Kleine Scheidegg with the Wetterhorn in the background. Photo / swiss-image.ch; Christof Sonderegger.

I'm a keen hiker ... or tramper as we say in New Zealand. But until recently, my speciality has been mainly flat, slightly undulating or downward hikes, especially at high altitude.

So when I looked at the description of the 'Bear Trek' in the Bernese Oberland, I went weak at the knees. The profile resembled the jagged line of an erratic ECG. And what about the bears?

I was reliably informed the bears that once roamed these remote alpine pathways had long since disappeared so that just left the small problem of the terrifying terrain.

Day one from Meiringen to Grindelwald was 22.9km, ascending 1530m and descending 1095m, a total hiking time of eight hours, 30 minutes. That's Swiss hiking time, of course.

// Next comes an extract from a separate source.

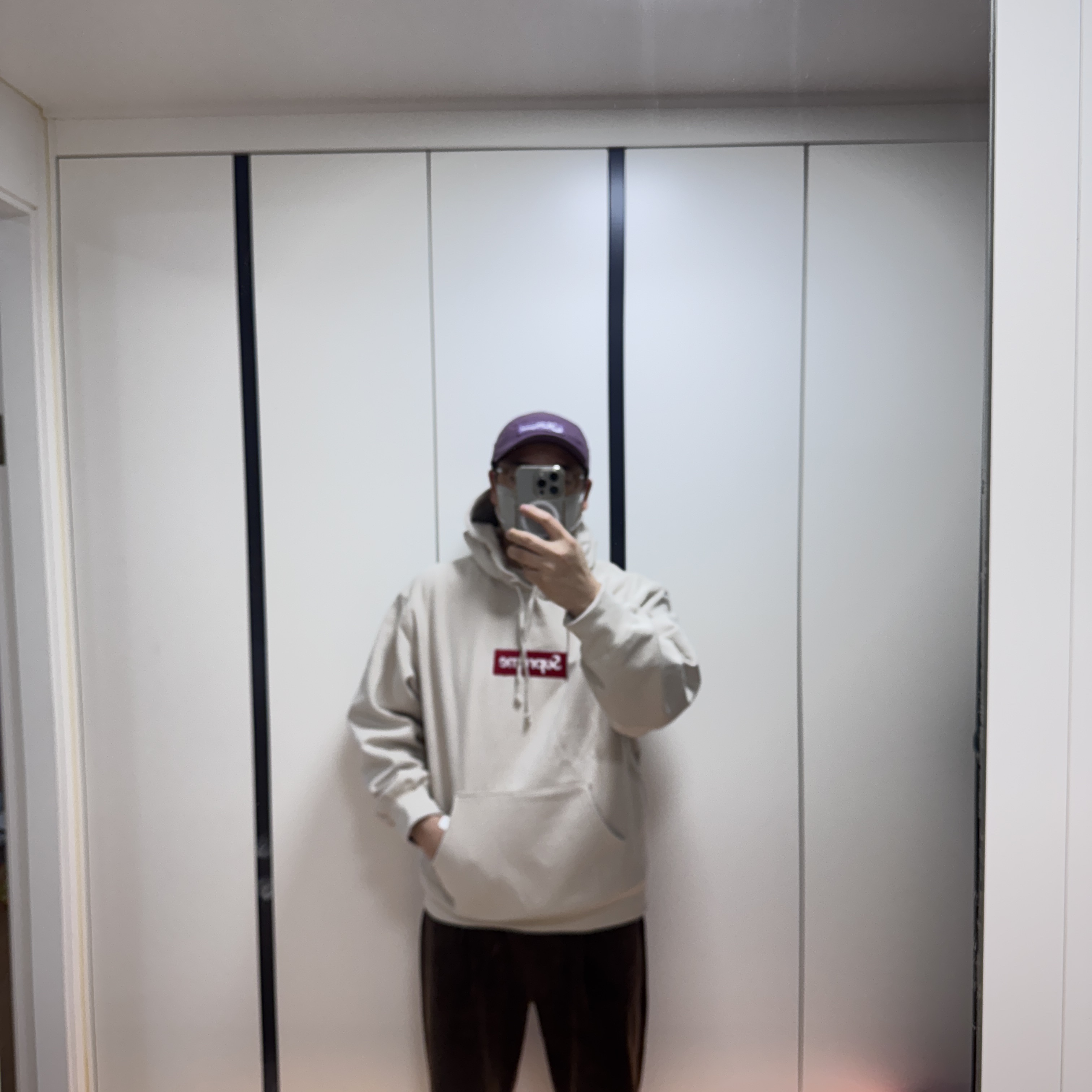 Supreme Box Logo Hooded Sweatshirt Stone - 24FW 착용 스타일 - 1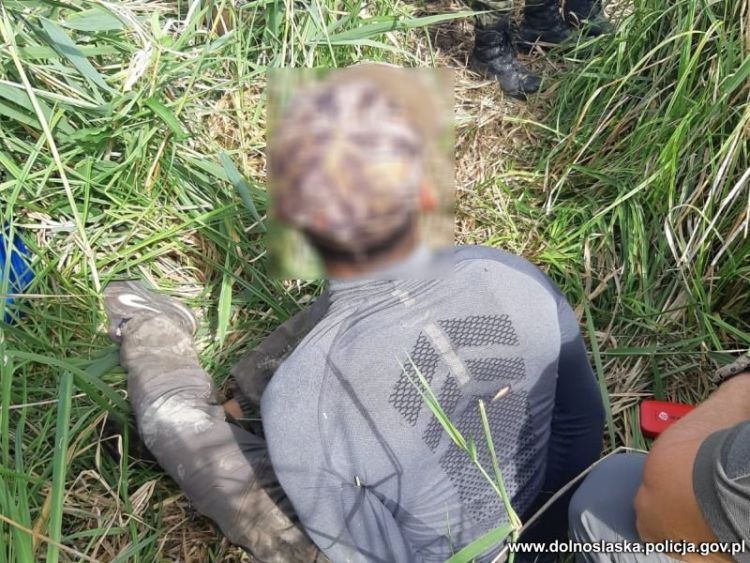 302 krzaki ukryte na bagnach. Duża plantacja marihuany zlikwidowana, Policja Dolnośląska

Add on an hour or two if you are a mere mortal like me. Day two from Grindelwald to Lauterbrunnen was 19.5km, ascending 1230m and descending 1465m, a hiking time of seven hours, 25 minutes. And day three from Lauterbrunnen to Griesalp was right off the scale!
The hikes called for a high degree of fitness so in preparation I spent the next three months climbing every steep hill I could find, and on rainy days, I ran up and down the stairs in my house 101 times.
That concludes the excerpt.